I need to summarise this whole dataset so that I am Cumulating the Amount (YELLOW Column A), for every code, for every Unique ID.


So in the workbook rather than having multiple rows of Code 1, if there is the same Unique ID, then sum up all the Amounts in Just 1 Row.


In this case rows 2 to 14 will be summed up/cumulated into row 1 of a new dataset with: 28210.65 in the "amount" column, 1 in the "code" column and 5 in the "Unique ID" column.

Rows 15 and 16 will need to be summed up into row 2 of this new dataset with: 601.37 in the "amount" column, 7 in the "code" column and 5 in the "unique ID" column.

Rows 17 to 22 will need to be summed up into row 3 of this new dataset with: 2871.7 in the "amount" column, 9 in the "code" column and 5 in the "unique ID" column.

If the Unique ID is the same, then the State will be the same, and I would like this data in as well. So for rows 1,2 & 3, each row will have QLD in the state column in the new dataset.

This rule will then need to be applied to all rows. That is, sum all amounts where code is the same And Unique Id is the same.


This will then condense this massive dataset into a more manageable size.

I dont know what the best way to do this.

I am great with excel, but this maybe an ACCESS task. Please give me the steps I need to take to achieve my requirements above.

I am not an Access genious so please provide me what i need to do.

Thank you to everyone here and I hope I can get a solutions soon..

You may email me the final solution to: tyrese213@hotmail.com


Many thanks....

----------


## JBeaucaire

You can highlight columns B:D and run an Advanced Filter to another location / unique records only to get a list of the unique rows. I did that into G1 and got the short list.

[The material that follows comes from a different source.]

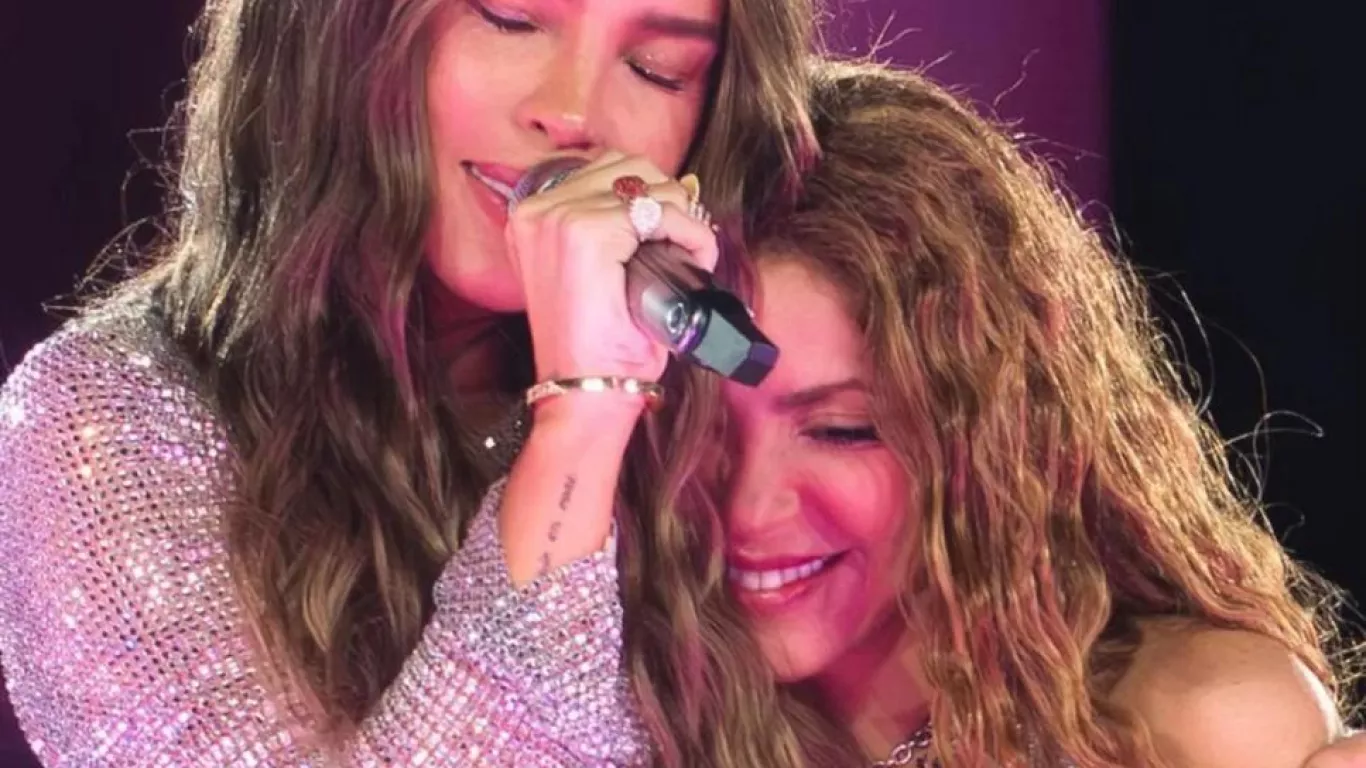 shakira y belinda en concierto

Then I used a SUMPRODUCT() formula to collect the data, in J2 then copied down:

*=SUMPRODUCT(($B$2:$B$105=G2)*($C$2:$C$105=H2)*($D$2:$D$105=I2)*$A$2:$A$105)*

----------


## pike

tyrese214

This is not a "do it for me" forum. 
All post are with-in the forum; not to email addresses

_Your post does not comply with Rule 1 of our Forum_ RULES. Your post title should accurately and concisely describe your problem, not your anticipated solution. Use terms appropriate to a Google search. Poor thread titles, like Please Help, Urgent, Need Help, Formula Problem, Code Problem, and Need Advice will be addressed according to the OP's experience in the forum: If you have less than 10 posts, expect (and respond to) a request to change your thread title. If you have 10 or more posts, expect your post to be locked, so you can start a new thread with an appropriate title. 
*To change a Title on your post, click EDIT then Go Advanced and change your title, if 2 days have passed ask a moderator to do it for you.*

*PLEASE PM WHEN YOU HAVE DONE THIS AND I WILL DELETE THIS POST*

----------


## tyrese214

> You can highlight columns B:D and run an Advanced Filter to another location / unique records only to get a list of the unique rows. I did that into G1 and got the short list.
> 
> Then I used a SUMPRODUCT() formula to collect the data, in J2 then copied down:
> 
> *=SUMPRODUCT(($B$2:$B$105=G2)*($C$2:$C$105=H2)*($D$2:$D$105=I2)*$A$2:$A$105)*



Thank you very much for your time and expertise... it was exactly what i was after.. your a genious...

----------


## royUK

_Your post does not comply with Rule 7 of our Forum_ RULES. Please do not ignore Moderators' or Administrators' requests - *note that this includes requests by senior members as well*, if you are unclear about their request or instruction then send a private message to them asking for help. *Do not post a reply to a thread where a moderator has requested an action that has not been complied with e.g Title change or Code tags...etc*

----------